3. Estudos sobre a Prevenção da Recorrência de Úlceras e Condições Crónicas

Prevenção da Recorrência de Úlceras

Os ensaios controlados de longo prazo avaliaram doentes após as suas úlceras ativas já terem cicatrizado. Os investigadores mediram as taxas de recorrência de úlceras e o tempo decorrido até ocorrer uma recaída durante períodos de manutenção de até um ano ou mais. Os dados descreveram padrões relacionados com as taxas de recorrência observadas ao comparar os braços de estudo de manutenção com aqueles que receberam placebo.

Hipersecretividade Patológica

Devido à natureza rara destas condições, a evidência baseia-se em estudos clínicos de pequena escala e séries de casos. Estes estudos exploraram resultados relacionados com desequilíbrios sistémicos ou funcionais, monitorizando principalmente a taxa medida de secreção de ácido gástrico. Uma vez que as dimensões das amostras foram modestas, os resultados descrevem principalmente padrões de grupo e requerem uma interpretação cuidadosa.
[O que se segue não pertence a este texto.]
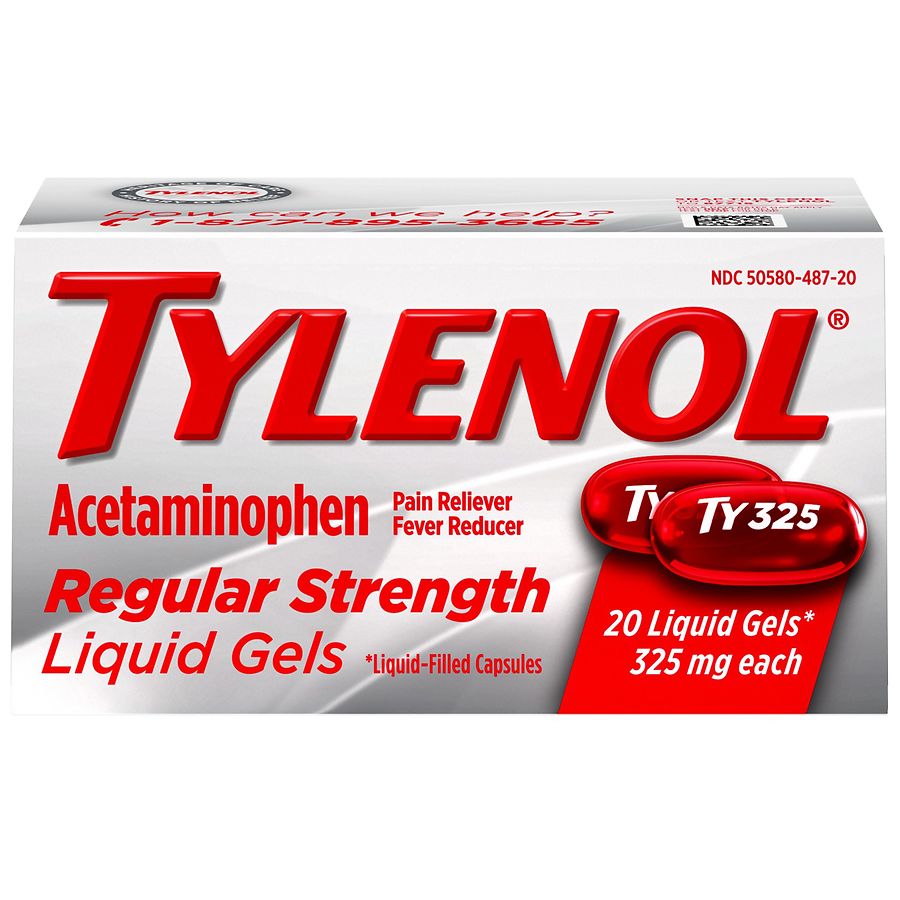 Tylenol Regular Strength Liquid Gels With 325 Mg Acetaminophen Walgreens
Como Cimet deve ser armazenado e descartado?

Como Armazenar e Eliminar o Cimet

O Cimet deve ser armazenado a uma temperatura ambiente controlada, especificamente entre os 15°C e os 30°C, não devendo ser congelado. Para manter a estabilidade do medicamento, é necessário guardar o produto num local fresco, seco e escuro, protegido da luz, e mantê-lo no seu recipiente original devidamente fechado.
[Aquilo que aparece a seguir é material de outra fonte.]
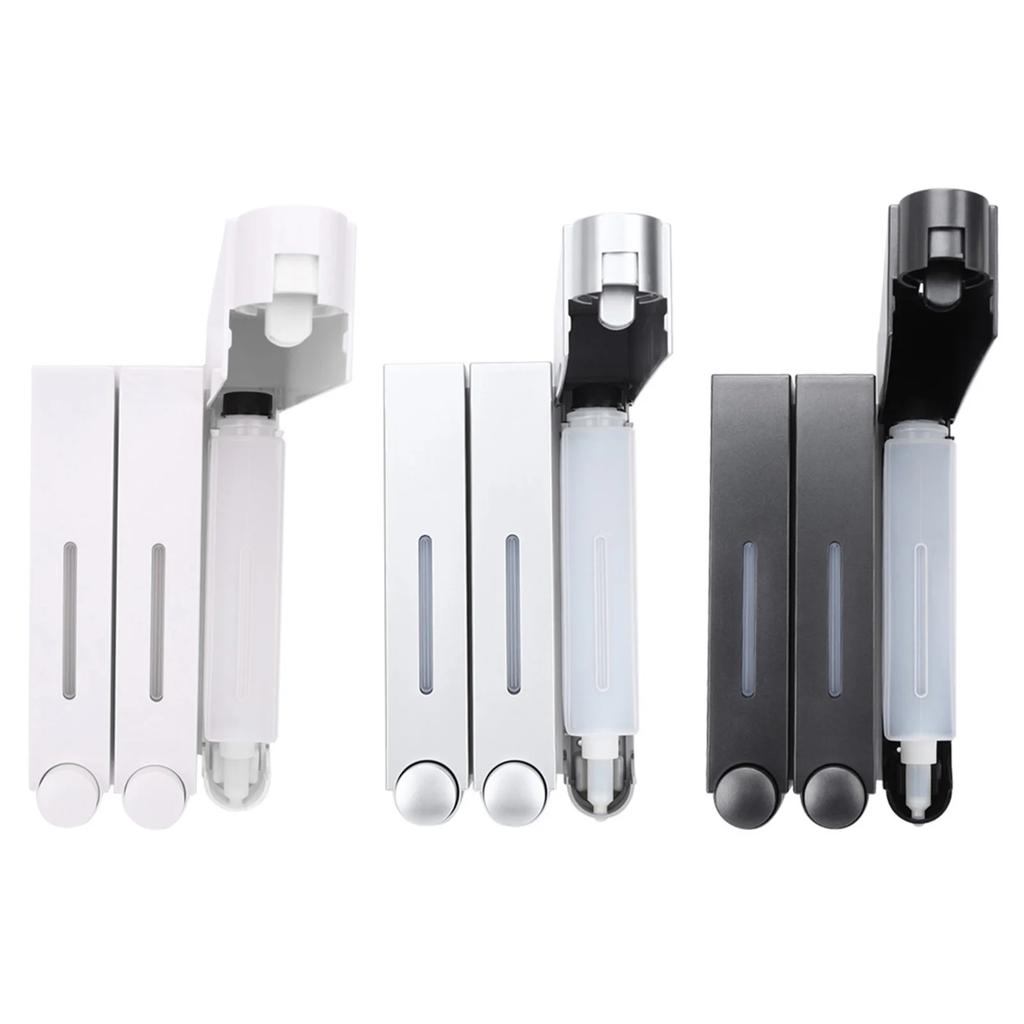 Triple 420ML Soap Dispenser Wall-mount Shower Bath Shampoo Lotion Dispenser Liquid Soap Container Hotel Bathroom Accessories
Todos os medicamentos devem ser mantidos fora da vista e do alcance das crianças para evitar uma ingestão acidental.

Relativamente à eliminação, as orientações oficiais aconselham que o Cimet pode ser eliminado através do sistema de esgotos (sanita) caso não esteja disponível de imediato um programa de recolha de medicamentos, devido ao elevado risco de danos por ingestão acidental. Sempre que possível, a eliminação deve seguir os programas oficiais de recolha de resíduos de medicamentos ou a regulamentação local.

Atenção! Sempre consulte um médico ou farmacêutico antes de usar pílulas ou medicamentos.